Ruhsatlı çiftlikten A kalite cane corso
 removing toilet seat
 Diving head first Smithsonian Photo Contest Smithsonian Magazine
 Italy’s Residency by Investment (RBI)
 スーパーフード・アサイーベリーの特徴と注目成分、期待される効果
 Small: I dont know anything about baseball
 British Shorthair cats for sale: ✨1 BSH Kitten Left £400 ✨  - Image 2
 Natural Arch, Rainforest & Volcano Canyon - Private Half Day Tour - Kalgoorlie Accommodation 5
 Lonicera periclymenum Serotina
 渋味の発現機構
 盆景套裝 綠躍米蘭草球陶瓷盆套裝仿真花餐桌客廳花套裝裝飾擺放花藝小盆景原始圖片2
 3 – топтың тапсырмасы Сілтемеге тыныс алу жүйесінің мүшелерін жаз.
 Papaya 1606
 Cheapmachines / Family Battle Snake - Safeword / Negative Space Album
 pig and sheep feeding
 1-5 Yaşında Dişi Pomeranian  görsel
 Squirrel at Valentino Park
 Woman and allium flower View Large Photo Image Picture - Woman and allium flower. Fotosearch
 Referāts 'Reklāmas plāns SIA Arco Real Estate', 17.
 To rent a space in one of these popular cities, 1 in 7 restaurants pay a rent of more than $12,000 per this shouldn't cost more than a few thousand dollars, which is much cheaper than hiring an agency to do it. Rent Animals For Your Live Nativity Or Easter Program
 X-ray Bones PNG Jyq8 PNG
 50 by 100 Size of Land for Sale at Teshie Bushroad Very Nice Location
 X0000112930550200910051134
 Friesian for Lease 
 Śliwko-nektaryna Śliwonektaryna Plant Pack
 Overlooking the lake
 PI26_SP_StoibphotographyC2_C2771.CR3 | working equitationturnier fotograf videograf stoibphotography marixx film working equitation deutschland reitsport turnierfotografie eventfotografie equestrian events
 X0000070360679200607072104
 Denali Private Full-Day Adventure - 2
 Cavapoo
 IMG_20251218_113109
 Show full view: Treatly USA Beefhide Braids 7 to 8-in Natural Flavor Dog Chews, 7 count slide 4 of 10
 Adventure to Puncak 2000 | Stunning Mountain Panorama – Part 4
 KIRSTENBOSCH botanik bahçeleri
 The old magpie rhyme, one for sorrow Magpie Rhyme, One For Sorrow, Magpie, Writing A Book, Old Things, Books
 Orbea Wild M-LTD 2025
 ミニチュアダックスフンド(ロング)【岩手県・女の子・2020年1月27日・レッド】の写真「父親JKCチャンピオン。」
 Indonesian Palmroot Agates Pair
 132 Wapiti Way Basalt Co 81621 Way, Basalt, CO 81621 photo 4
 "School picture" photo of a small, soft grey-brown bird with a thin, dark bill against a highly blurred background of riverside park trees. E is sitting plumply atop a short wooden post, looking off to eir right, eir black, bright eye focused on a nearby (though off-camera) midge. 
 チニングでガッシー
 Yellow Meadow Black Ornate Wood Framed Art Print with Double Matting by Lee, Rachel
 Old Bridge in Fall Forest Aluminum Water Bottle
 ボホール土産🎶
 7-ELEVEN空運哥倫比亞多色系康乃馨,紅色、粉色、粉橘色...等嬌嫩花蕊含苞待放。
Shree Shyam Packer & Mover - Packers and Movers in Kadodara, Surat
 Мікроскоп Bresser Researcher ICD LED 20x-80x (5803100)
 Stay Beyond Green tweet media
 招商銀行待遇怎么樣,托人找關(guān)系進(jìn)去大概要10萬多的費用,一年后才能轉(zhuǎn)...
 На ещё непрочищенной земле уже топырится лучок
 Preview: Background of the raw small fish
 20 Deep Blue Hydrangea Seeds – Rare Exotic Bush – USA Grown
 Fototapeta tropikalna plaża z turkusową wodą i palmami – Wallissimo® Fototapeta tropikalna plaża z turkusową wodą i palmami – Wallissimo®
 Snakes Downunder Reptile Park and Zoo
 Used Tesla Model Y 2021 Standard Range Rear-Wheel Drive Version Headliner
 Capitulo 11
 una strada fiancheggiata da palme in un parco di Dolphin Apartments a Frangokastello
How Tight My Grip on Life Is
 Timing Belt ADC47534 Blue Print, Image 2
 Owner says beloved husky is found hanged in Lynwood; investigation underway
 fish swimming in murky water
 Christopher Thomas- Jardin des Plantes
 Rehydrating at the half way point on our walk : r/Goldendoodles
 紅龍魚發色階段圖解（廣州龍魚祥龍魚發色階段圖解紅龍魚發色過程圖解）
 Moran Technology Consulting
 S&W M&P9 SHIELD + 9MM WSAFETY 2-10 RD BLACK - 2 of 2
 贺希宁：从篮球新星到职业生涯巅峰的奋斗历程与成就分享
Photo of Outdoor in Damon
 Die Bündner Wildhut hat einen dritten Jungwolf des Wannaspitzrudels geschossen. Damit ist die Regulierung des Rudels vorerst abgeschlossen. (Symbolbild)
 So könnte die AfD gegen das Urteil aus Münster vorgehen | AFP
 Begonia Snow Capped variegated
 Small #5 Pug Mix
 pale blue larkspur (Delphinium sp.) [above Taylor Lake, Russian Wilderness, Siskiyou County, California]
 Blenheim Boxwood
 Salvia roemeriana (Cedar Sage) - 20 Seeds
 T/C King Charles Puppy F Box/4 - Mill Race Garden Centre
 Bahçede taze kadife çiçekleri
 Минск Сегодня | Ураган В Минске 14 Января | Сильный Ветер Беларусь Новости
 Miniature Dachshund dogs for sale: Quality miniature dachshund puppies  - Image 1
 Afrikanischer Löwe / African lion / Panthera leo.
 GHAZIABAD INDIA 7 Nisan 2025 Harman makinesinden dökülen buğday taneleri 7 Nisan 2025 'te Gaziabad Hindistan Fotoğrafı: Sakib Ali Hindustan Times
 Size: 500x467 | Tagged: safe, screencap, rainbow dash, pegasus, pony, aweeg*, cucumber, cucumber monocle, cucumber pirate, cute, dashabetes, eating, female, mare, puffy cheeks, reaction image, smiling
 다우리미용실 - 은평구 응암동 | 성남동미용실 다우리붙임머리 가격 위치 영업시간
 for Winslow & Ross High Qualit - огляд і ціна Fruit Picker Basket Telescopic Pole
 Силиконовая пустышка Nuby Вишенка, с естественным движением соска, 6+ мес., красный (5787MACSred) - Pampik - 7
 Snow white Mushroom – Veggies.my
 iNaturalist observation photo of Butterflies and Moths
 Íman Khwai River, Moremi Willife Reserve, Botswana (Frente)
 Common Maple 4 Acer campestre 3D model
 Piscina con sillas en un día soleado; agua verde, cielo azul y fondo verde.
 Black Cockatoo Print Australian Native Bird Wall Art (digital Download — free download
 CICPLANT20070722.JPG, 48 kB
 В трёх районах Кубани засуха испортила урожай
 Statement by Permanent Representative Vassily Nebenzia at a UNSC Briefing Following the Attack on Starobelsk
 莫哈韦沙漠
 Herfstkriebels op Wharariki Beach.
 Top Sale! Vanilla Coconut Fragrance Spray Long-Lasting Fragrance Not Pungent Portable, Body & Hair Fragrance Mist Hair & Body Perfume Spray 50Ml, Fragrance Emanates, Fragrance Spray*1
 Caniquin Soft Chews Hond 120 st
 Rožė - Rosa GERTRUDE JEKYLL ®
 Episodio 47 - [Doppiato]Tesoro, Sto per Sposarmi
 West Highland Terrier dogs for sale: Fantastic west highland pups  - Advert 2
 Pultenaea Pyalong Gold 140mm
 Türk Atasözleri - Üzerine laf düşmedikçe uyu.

---*---

◆ INSTRUCTIONS FOR THE TASK ◆
The records are given above. Copy each line in them that holds "Seeds".

◆ RESPONSE ◆
 20 Deep Blue Hydrangea Seeds – Rare Exotic Bush – USA Grown
 Salvia roemeriana (Cedar Sage) - 20 Seeds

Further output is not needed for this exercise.